While trying to harass people that refuse to be my friend on Facebook… and in life, I came across a new feature. If you try to “message” a person that you are not currently Facebook friends with, your message will get sent to that person’s “Other” folder. The “Other” folder is where dreams and long poems of love go to die… I know. The “Other” folder does not send an alert to the user, does not put a little red notification number on their Facebook page and certainly doesn’t get you a date to Sizzler. The “Other” folder in Facebook must be actively perused, by the user, to view it’s messages. If you have ever entered this mysterious folder you’ll find it’s mostly filled with spam advertisements and messages from your aunt whom you refuse to accept her Facebook friend request. Crazy bat!

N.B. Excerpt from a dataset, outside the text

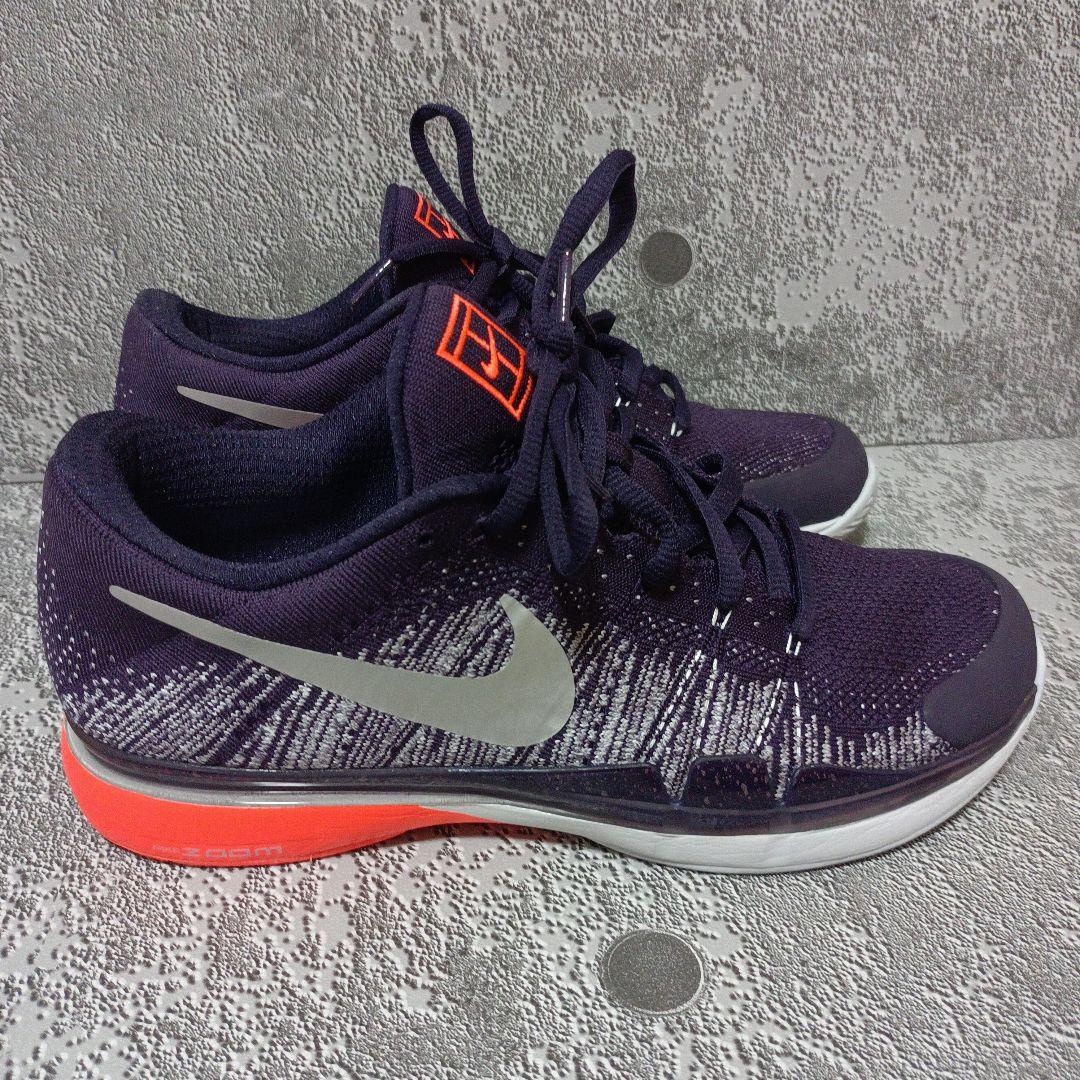 NIKE ZOOM VAPOR Flyknit フェデラー着用モデル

Facebook-Other-FolderSo how does one get themselves a red number 1 over some friend of a friend you totally want to mack-on’s message icon? Simple! You pay Facebook $1. That’s right all you like-minded creeps. For only $1 you can pay to have a message in anyone’s Facebook message inbox. Hot chick who hates me (most)… $1. Local celebrity who still has a basic Facebook page… $1. Co-workers who keep telling you they want to keep their professional lives separate from their personal lives… $1. All I’m saying is, I’ve got dollar bills and I’ve got a lot to say.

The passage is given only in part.